Pour la première fois, je ne sais pas si j’ai en face de moi la pire des comédies de tous les temps ou bien la comédie française la plus hallucinante de ces dernières années. Cette nouvelle comédie d’Alexandra Leclère, habituée aux pires places de ce classement, nous donne exactement tout ce que personne n’avait pas demandé: deux belles femmes qui se battent pour l’amour d’un vieux prof. Dans l’affrontement Isabelle «Luke» Carré Vs Darth Valérie Bonneton, cette dernière se laisse complètement aller du côté de la Force obscure, devenant la meilleure méchante du cinéma français. Ce pauvre gars, c’est Didier Bourdon, plus soixantenaire, lâche et veule que jamais. Il est ex-tra-ordinaire et je pèse mes mots. Didier Bourdon est tout simplement ce qui arrivé de mieux à la comédie française, renvoyant Christian Clavier aux écoles de cabotinage. Leclère aligne les scènes surréalistes qui pourraient passer pour obscènes si les comédiens ne se donnaient pas à 200%. Évidemment, à force de partir en roue libre, on fait aussi n’importe quoi.
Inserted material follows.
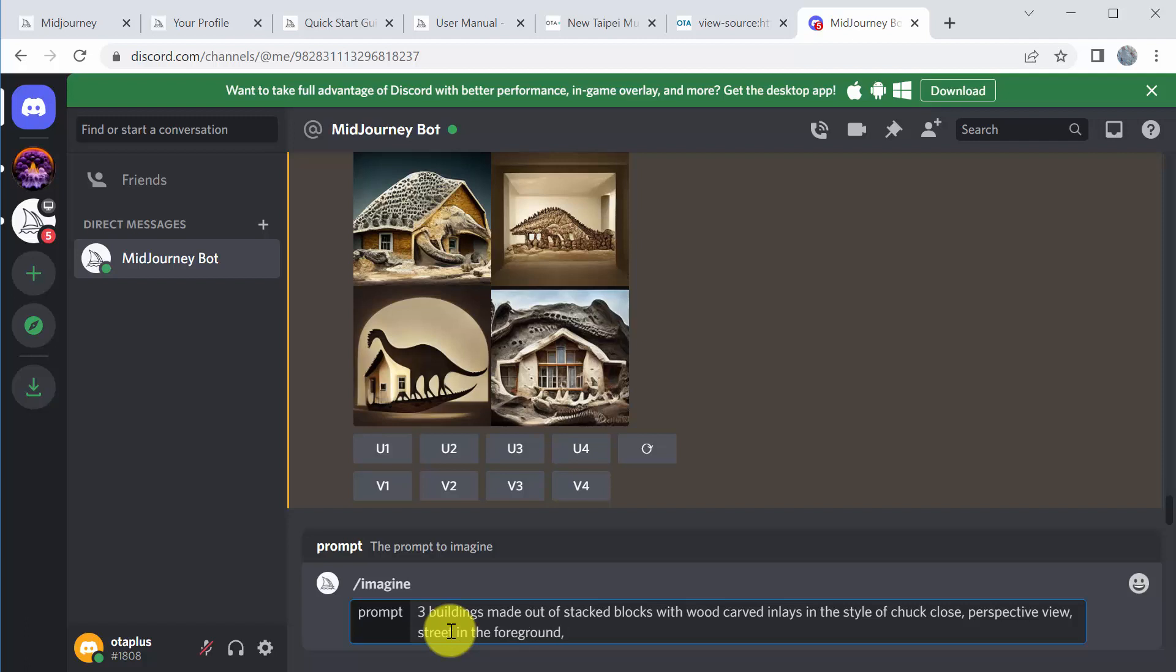And in the background, let's say distant city in the background. So again, you don't need to say all this stuff. It'll fill in the blanks if you don't. But if you want a little more control, you can add a little more detail and information to help it create a scene that best represents the description that you're giving it. So distant city in the background. Maybe I'll say plants because I want some plants to be in this.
Par exemple les deux rôles gay du film tenus par Laurent Stocker et Michel Vuillermoz, ça, ce n’est plus possible. Comme si les deux sociétaires de la Comédie-Française s’étaient passés le mot pour nous pourrir la fête.

Pour toutes ces raisons, Garde alternée se trouve dans une position bâtarde, au milieu de ce classement. Une chose est certaine, il y aura un avant et un après Garde alternée. Entre génie suicidaire et schizophrénie désopilante, je ne sais choisir. Un mot pour résumer la folie de ce film? Je vous en donne quatre: Didier. Bourdon. Full. Frontal.

13. Raid Dingue

Yvan Attal en roumain avec un bazooka. Kamoulox.

Alice Pol est une flic sans aucune compétence. Elle est gaffeuse, étourdie, limite dangereuse. Mais par le truchement de son ministre de père, elle entre dans le groupe d’élite du Raid. Si je vous dis qu’elle finit par coucher avec son supérieur (Dany Boon), vous allez penser que ça fait un peu trop, pourtant c’est ce qui arrive. Et cela ne fonctionne pas trop. Raid dingue est le film le plus faible de la filmo récente de Dany Boon réalisateur. Il souffre du même problème que Supercondriaque: Dany Boon ne sait pas comment le terminer. En général, cela implique des gens de l’Est. C’est à ce moment que débarque Yvan Attal dans une composition qu’on qualifiera de «slave lunaire». Surprise, il est phénoménal et joue le terroriste caricatural et fou avec un enthousiasme passionné, comme un Heath Ledger qui exploserait des châteaux de la Loire au bazooka.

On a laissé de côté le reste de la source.